Hermitage Director Mikhail Piotrovsky said earlier that hat it might take up to two years to restore the museum after the works begin
State Hermitage Museum in St. Petersburg  Piotr Kovalev/TASS
State Hermitage Museum in St. Petersburg
© Piotr Kovalev/TASS

TULA, September 27. /TASS/. The State Hermitage Museum in St. Petersburg is planning to sign an agreement with Syria this November to restore the museum of the ancient city of Palmyra and train Syrian restoration artists, Hermitage Director Mikhail Piotrovsky told TASS on Friday.

"Currently, the text [of the document] is being agreed. Our proposition is to take part in restoring the Palmyra museum because it need to be restores, the museum means jobs, it attracts tourists and so on," the director said. He also pointed out that Hermitage experts are willing to organize master classes for Syrian restoration artists. At the same time, modern technologies are planned to be widely used. "Our colleagues, Russian Academy of Sciences’ Institute for the History of Material Culture architects and archeologists, prepared a virtual model reconstructing Palmyra as it was before its first, second and third destructions. There is also highly precise 3D footage, it will be further detailed now and both will be presented to the Palmyra museum as a gift," he said.

In August, Piotrovsky shared an opinion that it will take up to two years to restore the museum after the works begin, following talks with Directorate-General of Antiquities and Museums leadership.

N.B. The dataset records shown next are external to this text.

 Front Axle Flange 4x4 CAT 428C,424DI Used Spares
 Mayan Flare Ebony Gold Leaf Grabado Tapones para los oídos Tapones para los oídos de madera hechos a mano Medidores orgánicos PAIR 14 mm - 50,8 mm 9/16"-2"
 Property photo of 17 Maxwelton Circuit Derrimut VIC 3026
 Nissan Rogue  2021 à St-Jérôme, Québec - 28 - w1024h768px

Mahmoud Hammoud, the agency executive, also told TSS that an agreement would be signed in November on cooperation, which would include training of Syrian restoration and archeology experts apart from the museum’s restoration.

World Heritage Site

The ancient Syrian city of Palmyra, often referred to as the Bride of the Syrian Desert, was an important hub along ancient trade routes, particularly the Great Silk Road, in Western Asia. Its heyday encompassed the 1st-3rd centuries AD, when a number of architectural monuments were built in the city, which have been preserved in the desert up to this day.

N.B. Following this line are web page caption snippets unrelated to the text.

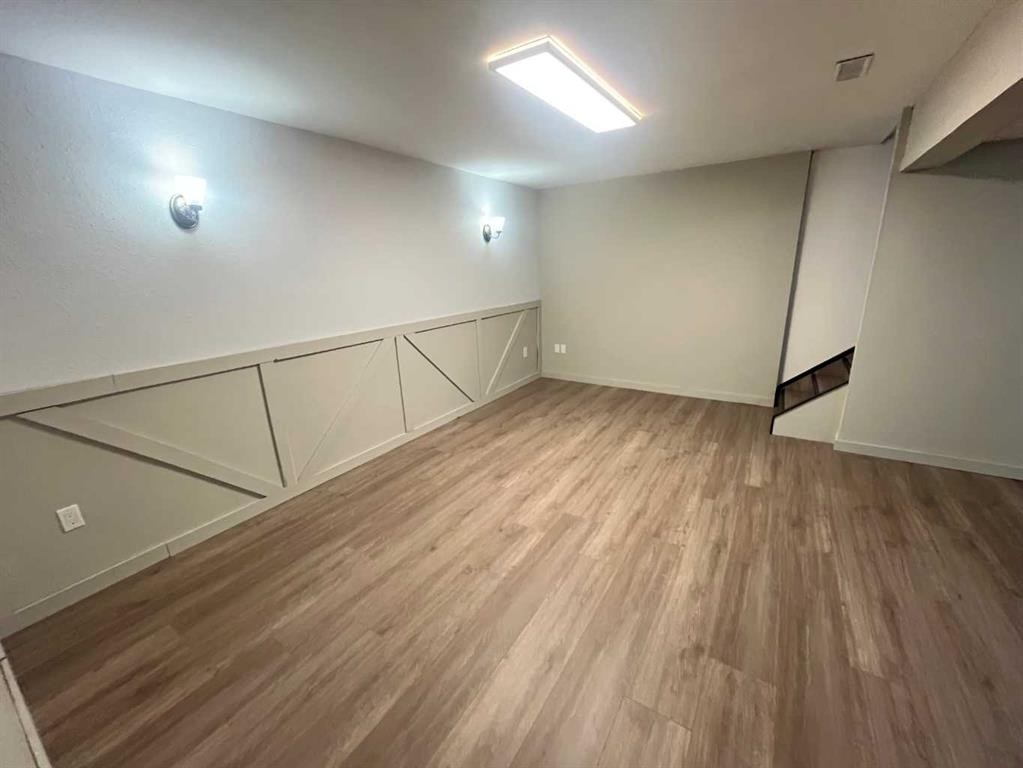 5015 53 St, Mannville, AB - Indoor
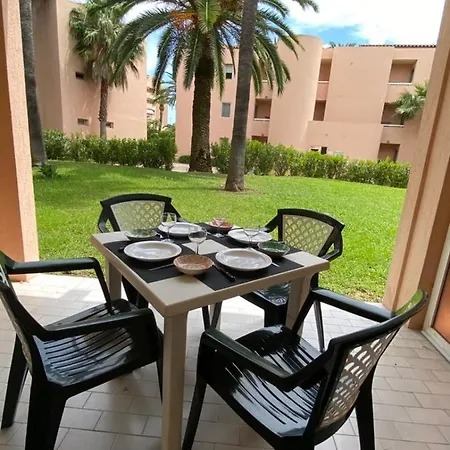 Apartment Avec Piscine 5 Min A Pieds Des Plages
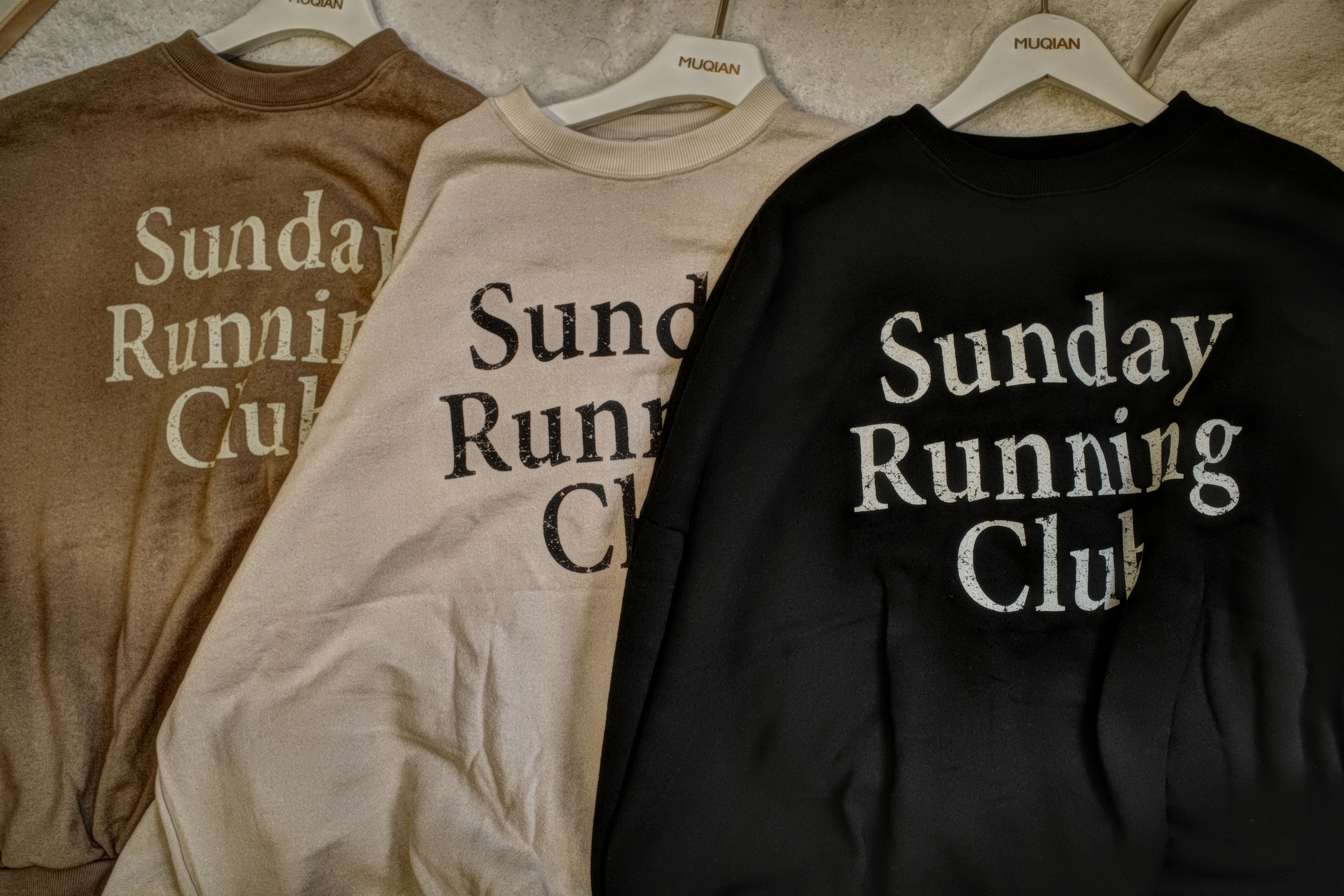 SUNDAY大學T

UNESCO placed Palmyra on its list of world cultural heritage sites. The militants who controlled Palmyra from May 2015 through March 2016 and from December 2016 through March 2017 destroyed a number of monuments there.

The devastation prompted Russian restoration artists form the Hermitage Museum and other agencies to join the work to collect materials and data on the condition of the World Heritage Site.

In September 2016, after Syrian government forces had liberated the city, a Russian expert team, headed by the Institute’s Deputy Director Natalya Solovyova, went to Palmyra in September 2016 in order to record the scale of the destruction, take photos and create a 3D model of the complex. The 3D model of Palmyra was created based on photos taken by archeologists from the Institute for the History of Material Culture at the Russian Academy of Sciences and the State Hermitage Museum.

It took Russian experts about a year to create the model, which currently presents the most complete and up-to-date information about the city’s condition.

This year, Russian archeologists are planning to record more footage of the treasured monuments in Palmyra to update the 3D model.